Records contained in a dataset:

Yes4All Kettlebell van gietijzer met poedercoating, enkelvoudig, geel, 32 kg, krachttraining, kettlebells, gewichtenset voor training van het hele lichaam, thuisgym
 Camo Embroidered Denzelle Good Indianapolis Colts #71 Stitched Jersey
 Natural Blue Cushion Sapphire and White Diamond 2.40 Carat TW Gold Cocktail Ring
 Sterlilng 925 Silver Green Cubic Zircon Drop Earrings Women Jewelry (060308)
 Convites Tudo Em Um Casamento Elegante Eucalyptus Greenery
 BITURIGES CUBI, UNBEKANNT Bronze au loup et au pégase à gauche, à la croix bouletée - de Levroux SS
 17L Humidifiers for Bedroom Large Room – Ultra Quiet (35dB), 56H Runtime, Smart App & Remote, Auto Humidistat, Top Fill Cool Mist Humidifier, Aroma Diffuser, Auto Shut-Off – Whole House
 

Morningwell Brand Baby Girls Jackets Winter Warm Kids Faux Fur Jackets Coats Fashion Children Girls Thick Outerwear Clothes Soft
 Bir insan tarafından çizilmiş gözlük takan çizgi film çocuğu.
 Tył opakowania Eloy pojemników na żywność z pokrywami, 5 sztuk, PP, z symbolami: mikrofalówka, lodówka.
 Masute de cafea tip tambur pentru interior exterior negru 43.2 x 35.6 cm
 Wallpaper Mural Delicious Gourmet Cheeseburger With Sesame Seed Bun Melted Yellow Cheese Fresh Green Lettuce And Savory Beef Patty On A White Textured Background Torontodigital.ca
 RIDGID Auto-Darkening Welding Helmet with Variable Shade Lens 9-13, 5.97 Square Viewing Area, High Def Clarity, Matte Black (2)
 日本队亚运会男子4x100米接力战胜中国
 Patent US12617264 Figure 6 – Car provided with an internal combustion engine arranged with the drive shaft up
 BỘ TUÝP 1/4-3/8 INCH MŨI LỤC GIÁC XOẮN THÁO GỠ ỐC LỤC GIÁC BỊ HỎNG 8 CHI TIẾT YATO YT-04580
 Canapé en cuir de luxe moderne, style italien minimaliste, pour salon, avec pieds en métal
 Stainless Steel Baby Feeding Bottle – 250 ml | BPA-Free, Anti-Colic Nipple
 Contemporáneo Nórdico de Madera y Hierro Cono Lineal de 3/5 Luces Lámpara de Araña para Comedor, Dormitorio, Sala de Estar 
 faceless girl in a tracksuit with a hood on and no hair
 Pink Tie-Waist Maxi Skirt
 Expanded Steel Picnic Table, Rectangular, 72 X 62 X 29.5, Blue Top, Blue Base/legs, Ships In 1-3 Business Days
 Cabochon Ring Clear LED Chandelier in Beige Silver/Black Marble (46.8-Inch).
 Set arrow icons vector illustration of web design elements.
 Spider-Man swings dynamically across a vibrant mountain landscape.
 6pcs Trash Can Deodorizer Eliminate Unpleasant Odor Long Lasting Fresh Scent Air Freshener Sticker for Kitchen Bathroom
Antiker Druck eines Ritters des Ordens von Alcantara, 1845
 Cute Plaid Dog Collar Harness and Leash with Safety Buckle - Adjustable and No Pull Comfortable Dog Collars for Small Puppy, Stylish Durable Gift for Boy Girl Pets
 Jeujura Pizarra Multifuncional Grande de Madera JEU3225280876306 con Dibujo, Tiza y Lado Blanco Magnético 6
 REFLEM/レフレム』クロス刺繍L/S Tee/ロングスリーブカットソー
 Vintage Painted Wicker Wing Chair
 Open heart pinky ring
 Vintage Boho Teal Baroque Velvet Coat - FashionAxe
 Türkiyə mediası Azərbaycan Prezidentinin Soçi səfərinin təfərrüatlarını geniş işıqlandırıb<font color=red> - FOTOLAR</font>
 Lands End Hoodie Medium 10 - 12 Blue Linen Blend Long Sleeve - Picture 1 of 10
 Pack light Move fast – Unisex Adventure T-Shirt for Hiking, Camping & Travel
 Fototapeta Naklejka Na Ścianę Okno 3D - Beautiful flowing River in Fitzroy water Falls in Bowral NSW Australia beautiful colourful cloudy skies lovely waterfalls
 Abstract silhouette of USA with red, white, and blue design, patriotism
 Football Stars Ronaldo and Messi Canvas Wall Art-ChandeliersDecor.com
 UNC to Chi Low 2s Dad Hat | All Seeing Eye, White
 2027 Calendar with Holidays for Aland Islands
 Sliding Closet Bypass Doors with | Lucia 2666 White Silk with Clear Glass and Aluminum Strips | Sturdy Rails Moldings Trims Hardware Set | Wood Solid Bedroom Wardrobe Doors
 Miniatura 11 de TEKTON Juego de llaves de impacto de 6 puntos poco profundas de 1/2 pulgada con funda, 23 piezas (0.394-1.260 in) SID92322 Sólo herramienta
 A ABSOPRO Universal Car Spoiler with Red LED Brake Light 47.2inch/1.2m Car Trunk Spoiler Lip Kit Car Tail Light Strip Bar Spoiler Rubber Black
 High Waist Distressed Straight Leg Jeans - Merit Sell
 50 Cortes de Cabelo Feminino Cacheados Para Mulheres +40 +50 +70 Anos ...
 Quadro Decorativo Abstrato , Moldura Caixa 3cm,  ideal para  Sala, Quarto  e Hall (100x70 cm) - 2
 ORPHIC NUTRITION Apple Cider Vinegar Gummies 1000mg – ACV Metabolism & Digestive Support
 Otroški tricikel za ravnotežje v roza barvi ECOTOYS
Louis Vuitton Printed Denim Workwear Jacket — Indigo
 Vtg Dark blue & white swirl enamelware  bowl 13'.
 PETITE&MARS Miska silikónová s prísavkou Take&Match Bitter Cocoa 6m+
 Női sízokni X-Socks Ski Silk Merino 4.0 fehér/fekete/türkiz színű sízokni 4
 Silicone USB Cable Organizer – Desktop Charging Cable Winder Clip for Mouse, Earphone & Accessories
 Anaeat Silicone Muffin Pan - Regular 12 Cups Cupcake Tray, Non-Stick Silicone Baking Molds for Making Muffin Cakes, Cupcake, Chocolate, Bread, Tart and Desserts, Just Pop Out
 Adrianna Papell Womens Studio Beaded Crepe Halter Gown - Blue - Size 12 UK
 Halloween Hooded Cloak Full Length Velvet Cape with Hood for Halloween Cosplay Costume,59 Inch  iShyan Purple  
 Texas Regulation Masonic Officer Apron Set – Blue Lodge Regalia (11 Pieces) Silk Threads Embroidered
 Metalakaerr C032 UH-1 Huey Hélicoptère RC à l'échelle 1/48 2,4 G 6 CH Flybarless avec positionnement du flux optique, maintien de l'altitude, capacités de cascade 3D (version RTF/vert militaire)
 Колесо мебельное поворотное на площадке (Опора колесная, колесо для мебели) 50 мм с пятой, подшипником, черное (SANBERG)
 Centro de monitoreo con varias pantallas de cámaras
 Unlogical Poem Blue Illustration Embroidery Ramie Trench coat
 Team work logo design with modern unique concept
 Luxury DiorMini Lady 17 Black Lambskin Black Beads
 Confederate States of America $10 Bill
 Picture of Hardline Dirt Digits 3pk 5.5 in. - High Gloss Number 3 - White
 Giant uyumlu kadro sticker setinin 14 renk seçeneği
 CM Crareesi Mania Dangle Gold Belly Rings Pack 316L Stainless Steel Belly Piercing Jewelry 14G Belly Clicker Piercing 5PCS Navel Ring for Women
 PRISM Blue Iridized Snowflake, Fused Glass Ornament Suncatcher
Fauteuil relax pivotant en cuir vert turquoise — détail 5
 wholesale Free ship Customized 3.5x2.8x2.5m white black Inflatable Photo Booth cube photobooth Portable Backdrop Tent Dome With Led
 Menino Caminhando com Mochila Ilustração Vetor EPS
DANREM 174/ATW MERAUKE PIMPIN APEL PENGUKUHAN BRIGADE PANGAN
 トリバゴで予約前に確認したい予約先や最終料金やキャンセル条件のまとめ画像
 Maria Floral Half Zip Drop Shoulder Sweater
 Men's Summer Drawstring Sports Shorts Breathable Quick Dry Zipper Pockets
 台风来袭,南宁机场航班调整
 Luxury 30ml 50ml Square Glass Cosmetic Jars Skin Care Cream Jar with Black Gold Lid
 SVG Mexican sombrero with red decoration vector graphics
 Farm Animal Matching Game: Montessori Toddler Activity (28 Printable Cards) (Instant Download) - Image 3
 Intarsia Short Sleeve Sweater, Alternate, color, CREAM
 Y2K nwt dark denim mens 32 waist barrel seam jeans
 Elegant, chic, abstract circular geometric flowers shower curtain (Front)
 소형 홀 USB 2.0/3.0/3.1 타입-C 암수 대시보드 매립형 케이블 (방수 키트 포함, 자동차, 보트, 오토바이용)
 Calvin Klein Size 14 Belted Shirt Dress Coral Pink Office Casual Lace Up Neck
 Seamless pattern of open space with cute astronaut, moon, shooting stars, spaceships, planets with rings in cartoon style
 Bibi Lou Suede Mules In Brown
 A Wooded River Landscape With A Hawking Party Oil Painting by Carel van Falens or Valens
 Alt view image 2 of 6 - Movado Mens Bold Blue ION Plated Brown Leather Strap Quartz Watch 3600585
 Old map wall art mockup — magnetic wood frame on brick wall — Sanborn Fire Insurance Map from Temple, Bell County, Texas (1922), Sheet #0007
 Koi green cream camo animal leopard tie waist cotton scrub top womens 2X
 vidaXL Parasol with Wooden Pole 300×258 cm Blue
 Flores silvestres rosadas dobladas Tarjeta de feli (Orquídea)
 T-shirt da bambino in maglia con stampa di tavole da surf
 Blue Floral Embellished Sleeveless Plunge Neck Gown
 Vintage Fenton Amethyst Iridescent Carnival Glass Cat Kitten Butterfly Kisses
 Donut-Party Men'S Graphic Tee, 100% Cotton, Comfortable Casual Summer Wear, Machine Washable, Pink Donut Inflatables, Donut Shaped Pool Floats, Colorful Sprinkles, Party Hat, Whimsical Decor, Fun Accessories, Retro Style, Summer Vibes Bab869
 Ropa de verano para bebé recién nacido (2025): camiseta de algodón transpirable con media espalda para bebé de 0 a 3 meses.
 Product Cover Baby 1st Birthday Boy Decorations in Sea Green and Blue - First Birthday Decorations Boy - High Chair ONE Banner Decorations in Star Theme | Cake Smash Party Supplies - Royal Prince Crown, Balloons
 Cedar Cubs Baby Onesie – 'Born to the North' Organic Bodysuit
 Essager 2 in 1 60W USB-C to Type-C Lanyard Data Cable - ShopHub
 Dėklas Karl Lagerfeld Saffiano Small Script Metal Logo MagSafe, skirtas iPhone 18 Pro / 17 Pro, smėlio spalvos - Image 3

* HOW TO COMPLETE THIS TASK:
Exactly the lines running from the top of the records to the line that contains "Natural Blue Cushion", inclusive, must be set down, and nothing more.

* SOLUTION FOR THIS PROBLEM:
Yes4All Kettlebell van gietijzer met poedercoating, enkelvoudig, geel, 32 kg, krachttraining, kettlebells, gewichtenset voor training van het hele lichaam, thuisgym
 Camo Embroidered Denzelle Good Indianapolis Colts #71 Stitched Jersey
 Natural Blue Cushion Sapphire and White Diamond 2.40 Carat TW Gold Cocktail Ring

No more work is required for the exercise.